Annex A9 provides an overview of the average heavy metal content of slags.

As part of the IBAC research project, the results of batch tests for melting chamber granulates, blast furnace and steel slags were assessed. The batch test according to DIN 38414-S4 [29] was used as the leaching method. The assessment of the batch tests showed that the leachate values complied with the Z2 values of the respective waste-specific regulation of LAGA-Mitteilung 20 [27] as well as with the insignificance thresholds ("no effect levels") of the DIBt Guideline Soil/Groundwater [20]. However, the detection limits for chromate and cadmium were too high, so that it was not possible to reach any conclusions concerning these parameters.

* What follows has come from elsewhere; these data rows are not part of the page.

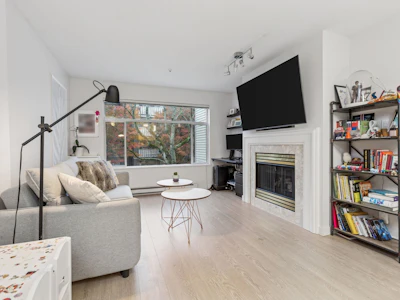 215-8180 Jones Road - 5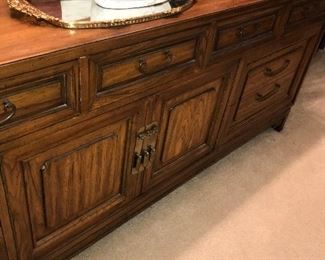 Items Located In The 1st Bedroom (Master)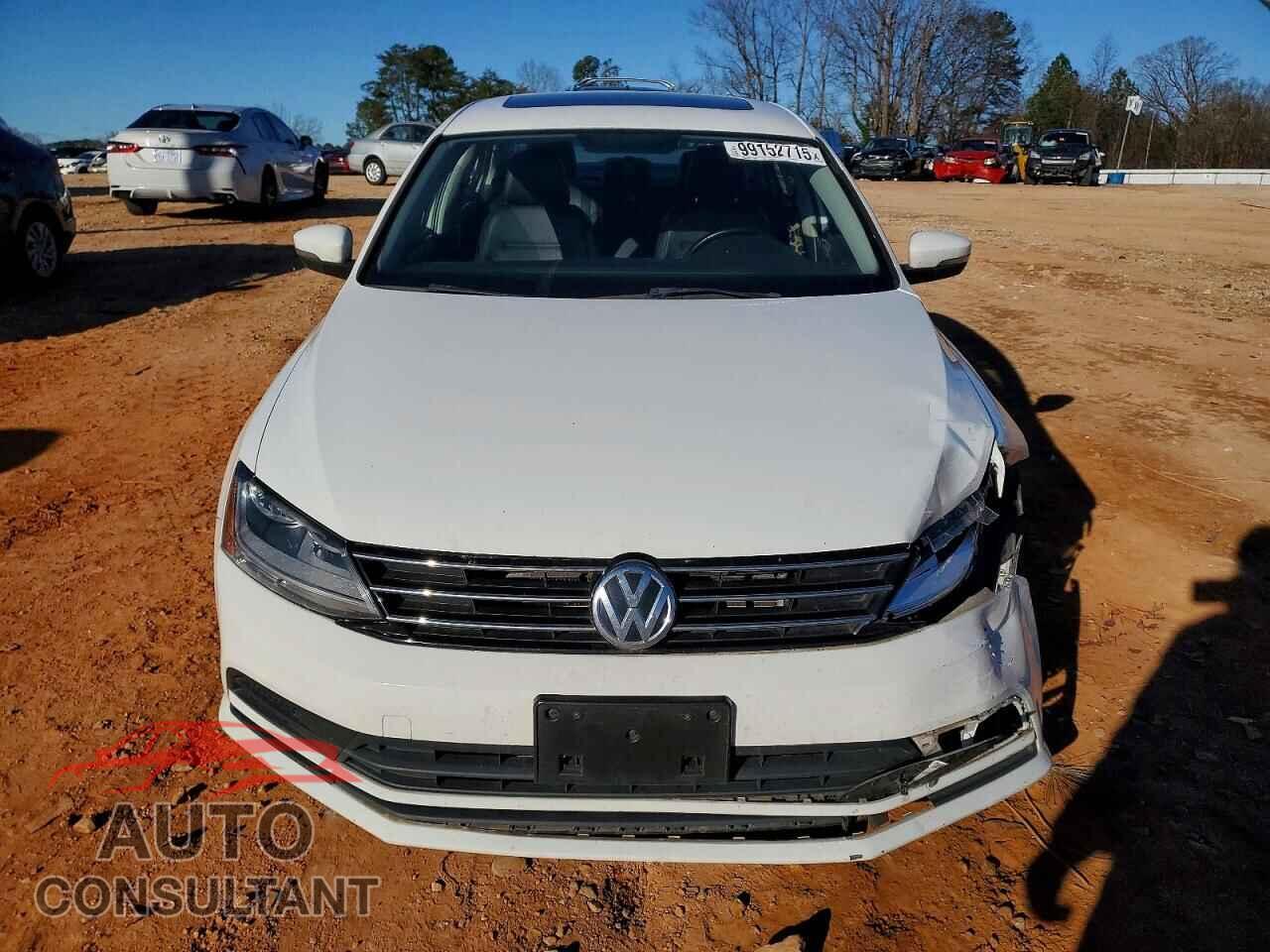 VOLKSWAGEN JETTA 2017 - 3VWDB7AJ2HM386325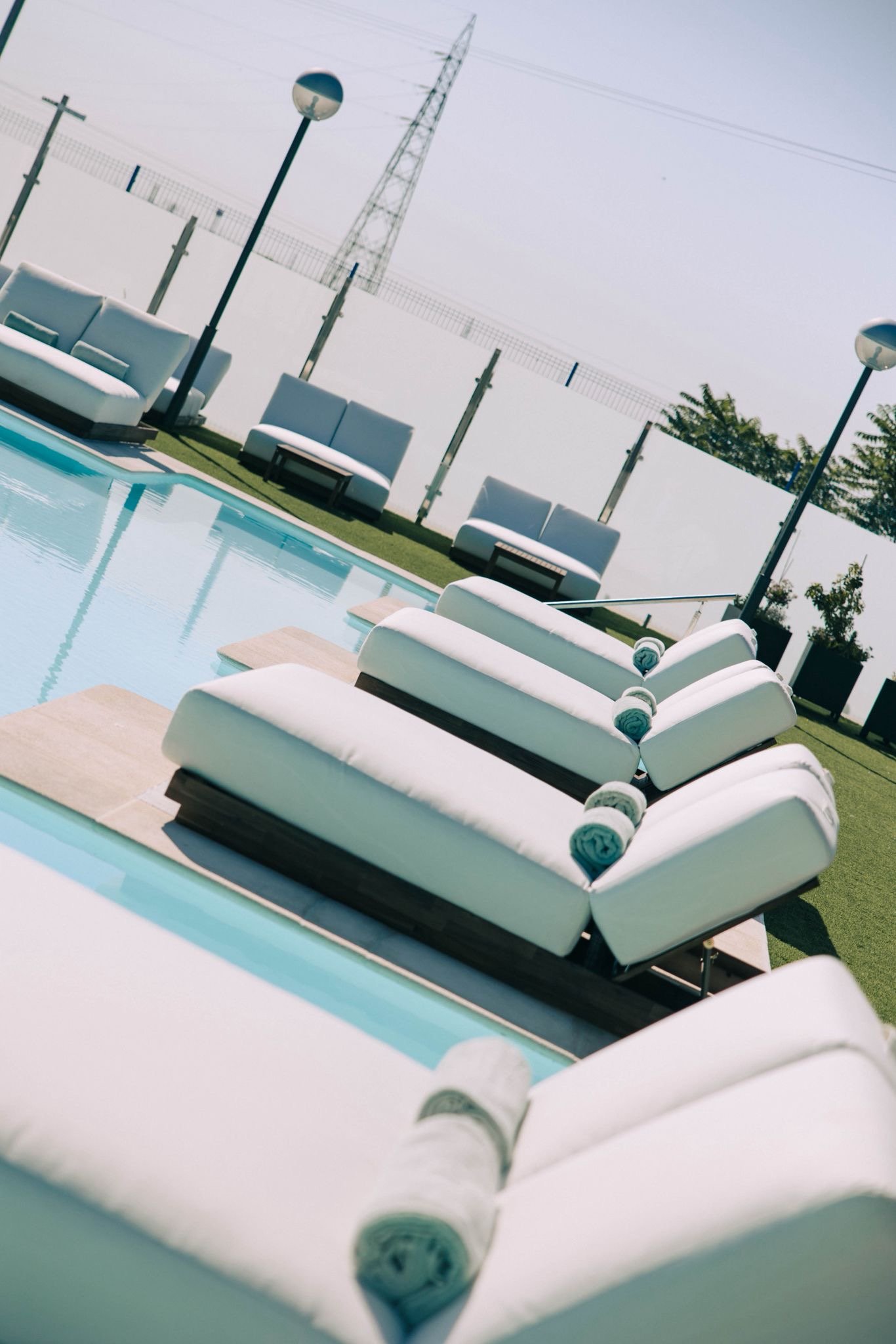 Camas balinesas blancas junto a la piscina del Ocean Club
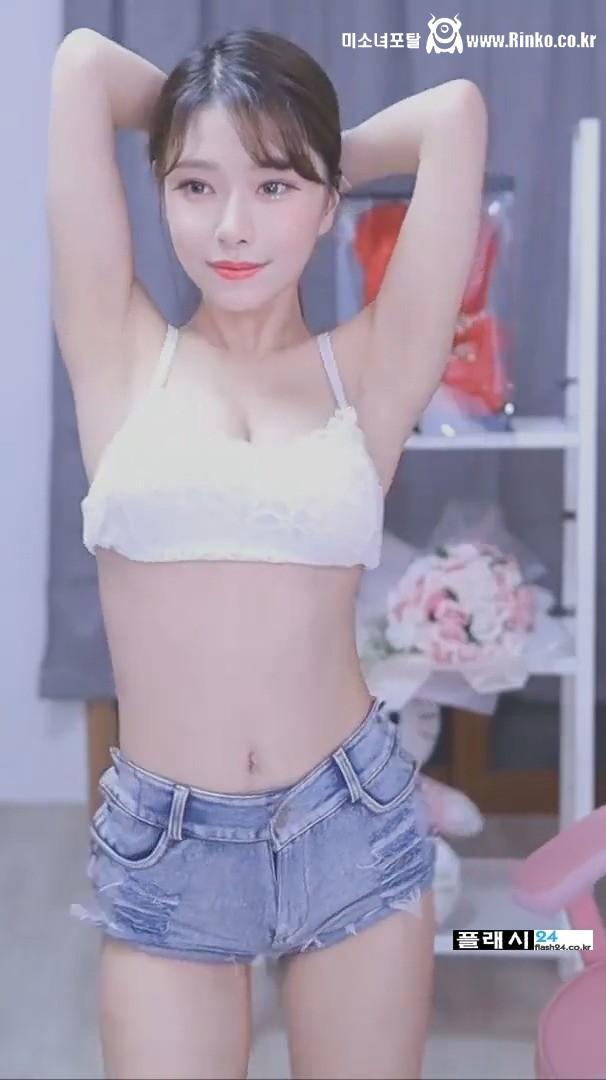 BJ 꽃사슴 잘돌리는 청팬츠 허리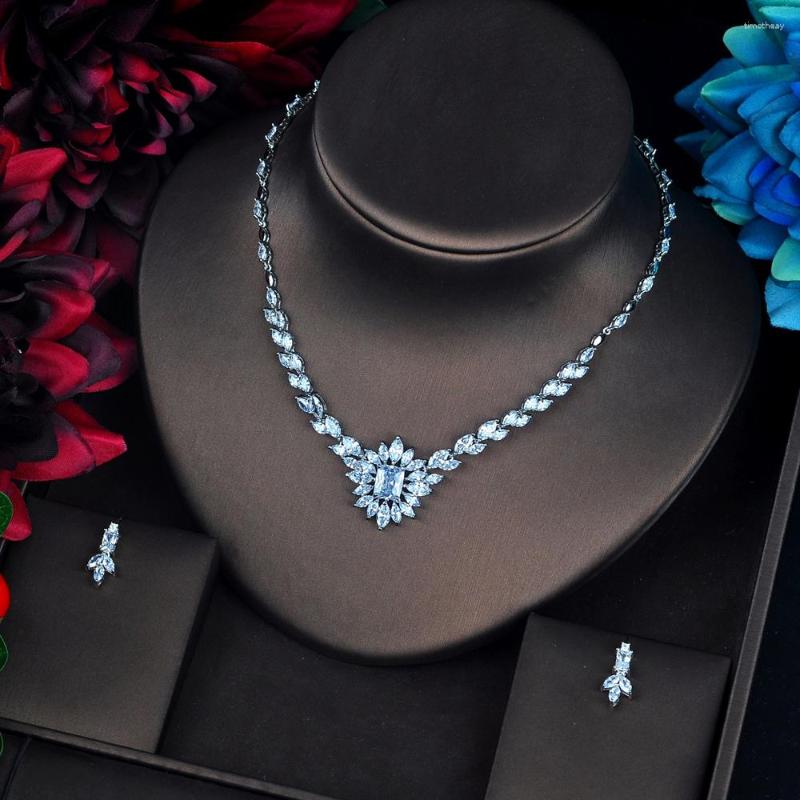 

Necklace Earrings Set Fashion European Female Zircon Jewelry Small Flowers Wedding Simple N-664, Picture shown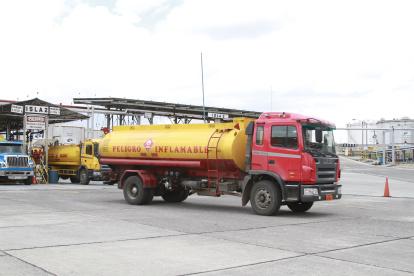 Combustible. Los transportistas dicen que la demora genera pérdidas.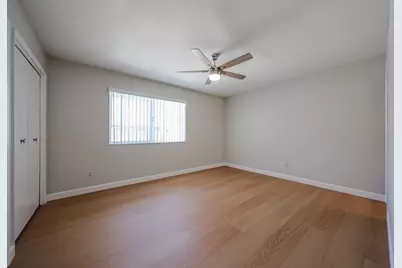 11033 W Elk Avenue, Sun City, AZ 85351 - Photo 8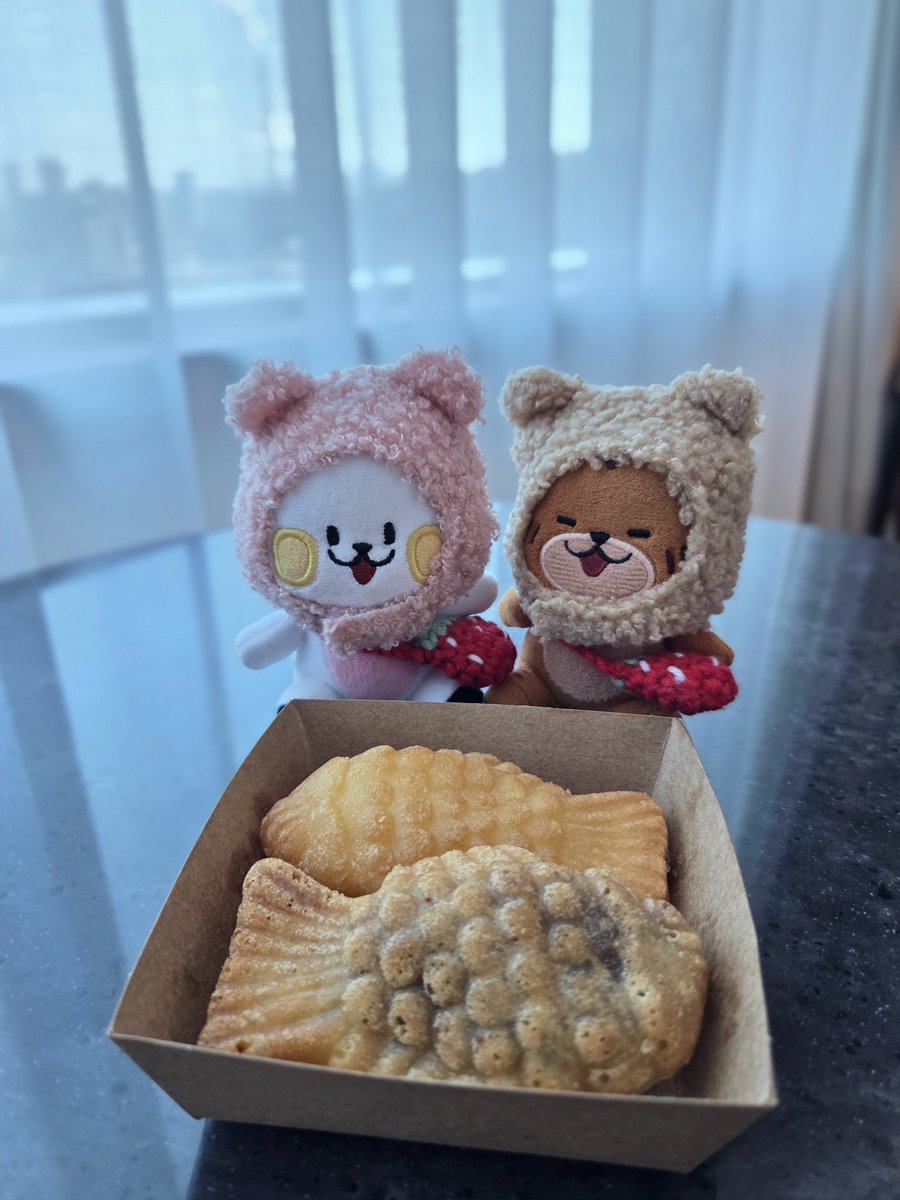 本日のスペシャルサプライズ
ONEUSの“原ピック”おやつ 붕어빵！
小豆とカスタードクリームの
あまくてあったかいプレゼント🎁
ありがとう♡⸜(ˆᗜˆ˵ )⸝♡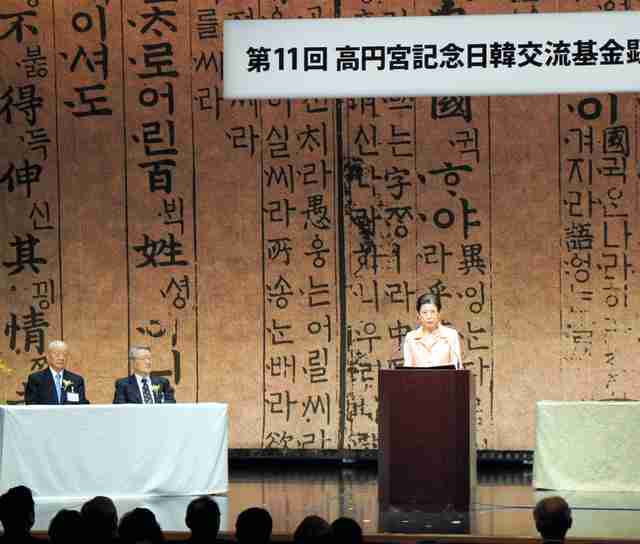 《安倍元首相銃撃から1か月》弾痕残る駐車場は「観光名所」化、ネットでは荒唐無稽な“陰謀論”も…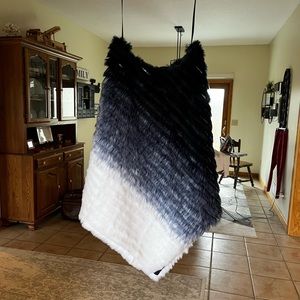 INC International Concepts Faux Fur Navy Ombré Poncho Cape size small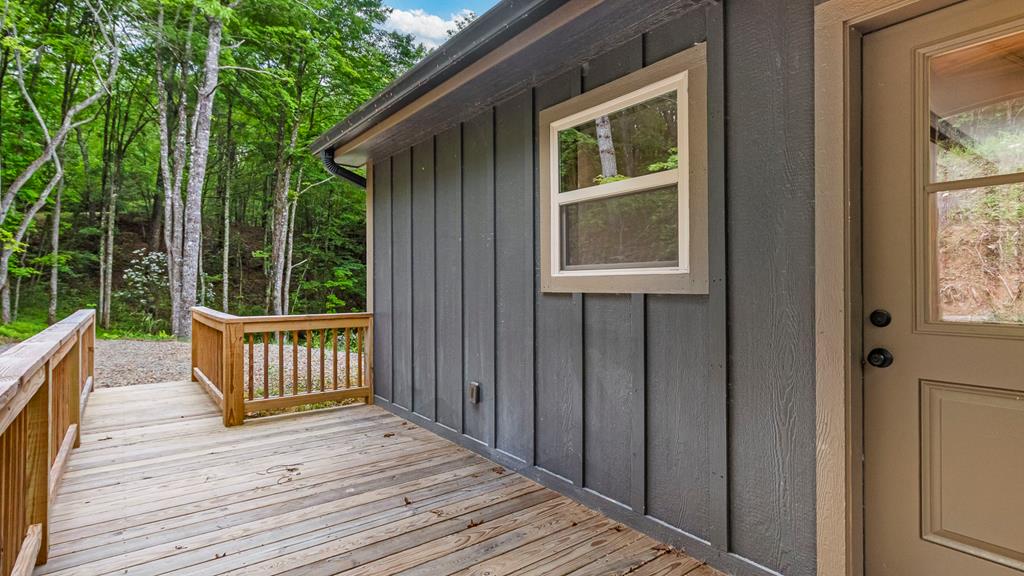 324 Golden Eagle Drive, MURPHY, North Carolina image 4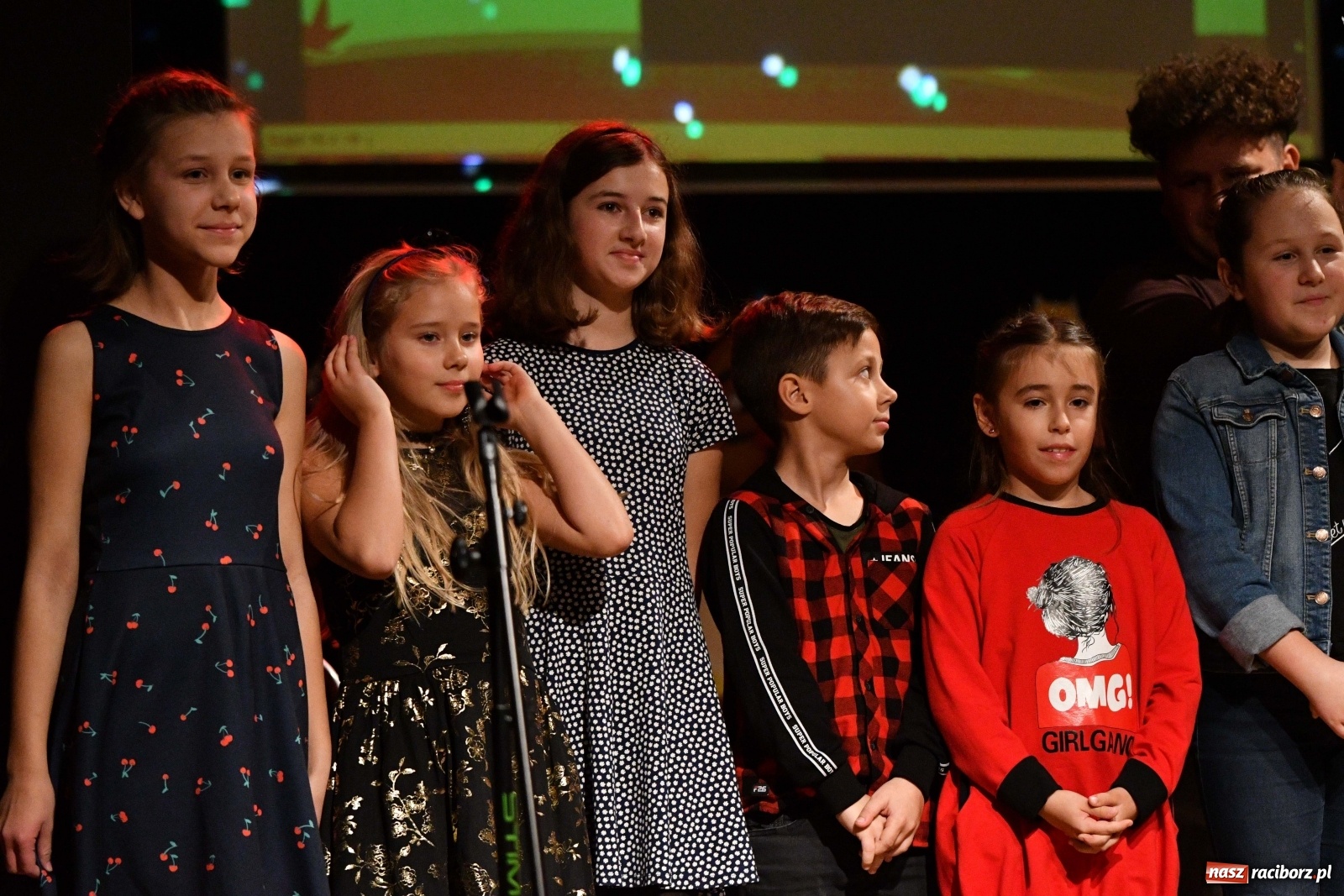 Zdjęcie w galerii na portalu naszraciborz.pl: Na jesienną nutę. Wieczór z piosenką w MDK  wiadomości z regionu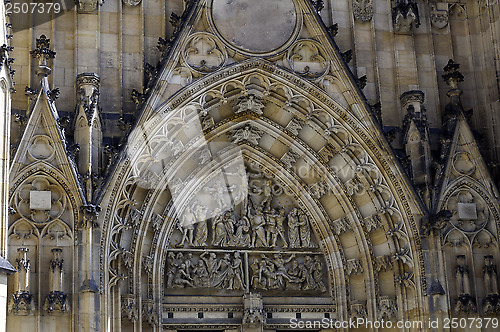 Image of Saint Vitus Cathedral.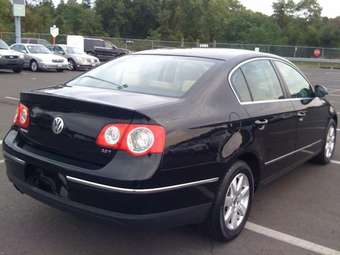 2005 Volkswagen Passat Pictures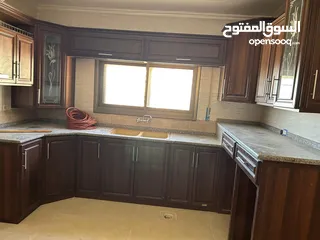  21 شقه طابقيه غير مسكونه للبيع فالكرك منطقه المرج
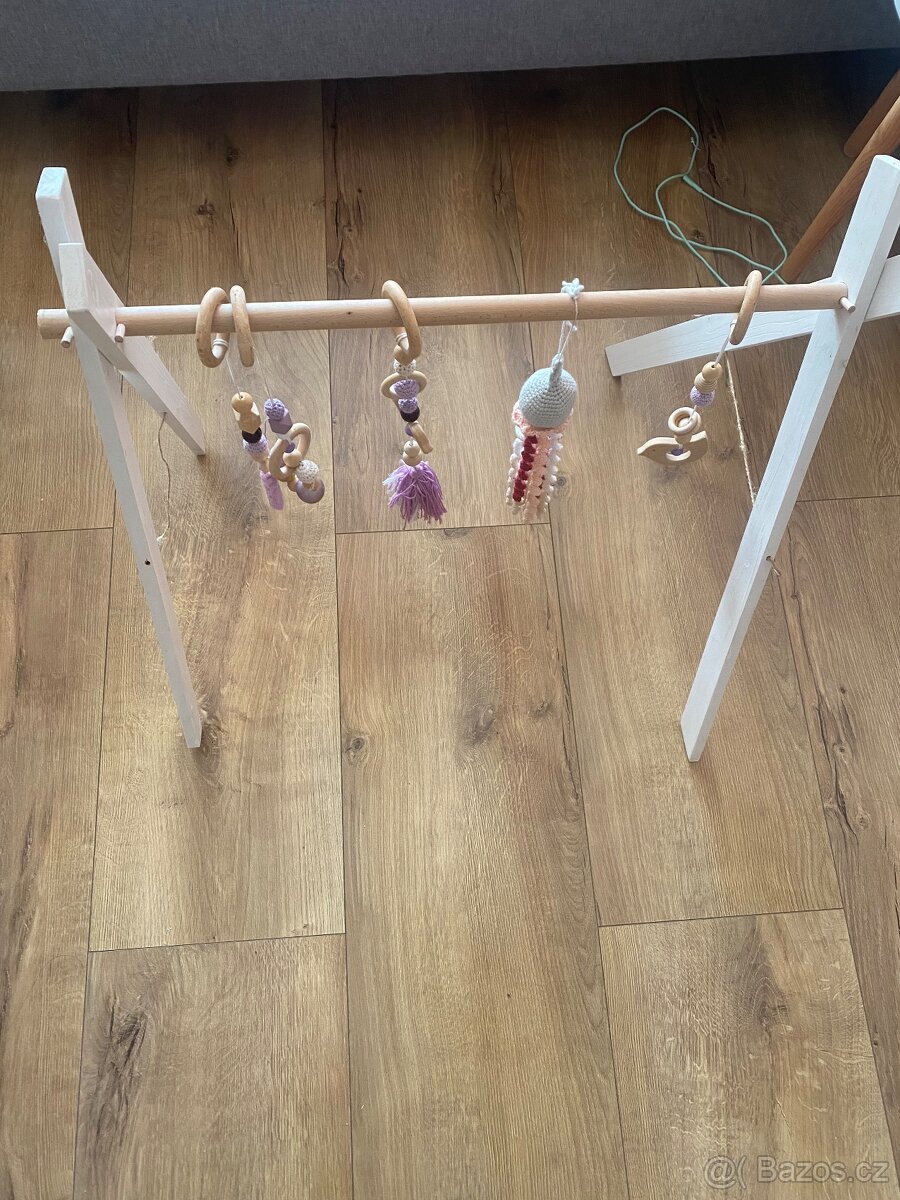 Hrazdička na hraní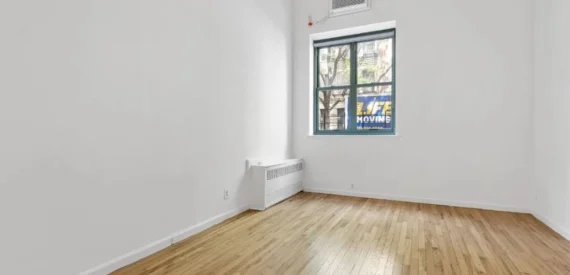 Amazing open layout on East 22nd Street in Gramercy Park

There are no results from long-term static tests for the release of dangerous substances from concrete test specimens manufactured with the corresponding slag. For granulated blastfurnace slag and blast furnace lump slag, the IBAC study presumes that they have a positive influence on the leaching rates due to their properties [26].

The heavy metal content of melting chamber granulates depends on the fuel used. Thus the IBAC study recommends that the heavy metal content of melting chamber granulates should be tested before use. In the case of deviations from the usual heavy metal content (see Annex A9), more detailed examinations of the leaching behaviour should be conducted using

a batch test or, if necessary, a static test, and an assessment made according to the DIBt Guideline Soil/Groundwater [26].

Recommendations for the content/release of heavy metals from artificial aggregates

In Germany, there are requirements for the material recycling of mineral residues/wastes, which were elaborated by the Working Group of the German Länder on Waste Issues (LAGA) [27]. These Technical Rules have been introduced in various Länder¹³ where they are therefore legally binding. The Technical Rules include requirements for recycling slag from iron, steel and casting foundries, slag from waste incineration plants for municipal waste, and foundry sand. The DIBt Guideline Soil/Groundwater also requires concrete constituents to comply with the requirements of the LAGA. To ensure that the German level of protection is maintained when using mineral materials that are by-products of industrial processes, the leaching of heavy metals should be tested on the original material. The leachate value of the mineral material should comply with the Z2 values of the respective waste-specific Technical Rule of the LAGA. An ordinance on federal level based on LAGA-Mitteilung 20 is currently under discussion. This would lead to the specified values becoming binding in all Länder. The European standard for aggregates, DIN EN 12620, also recommends that specific manufactured aggregates should be carefully tested [59].

There is still a need to examine whether concrete produced with manufactured aggregate complies with the insignificance thresholds ("no effect levels") of the DIBt Guideline Soil/Groundwater even if the aggregate does comply with the classification values of LAGA-Mitteilung 20.

When considering the release of dangerous substances, Guidance Paper H also refers to the possibility of restricting the content when there is a clear relation between the content and the release in the installed state. When using manufactured aggregates, the correlation between the content and the release of heavy metals could be tested using long-term static tests and thus reduce the amount of leaching tests necessary.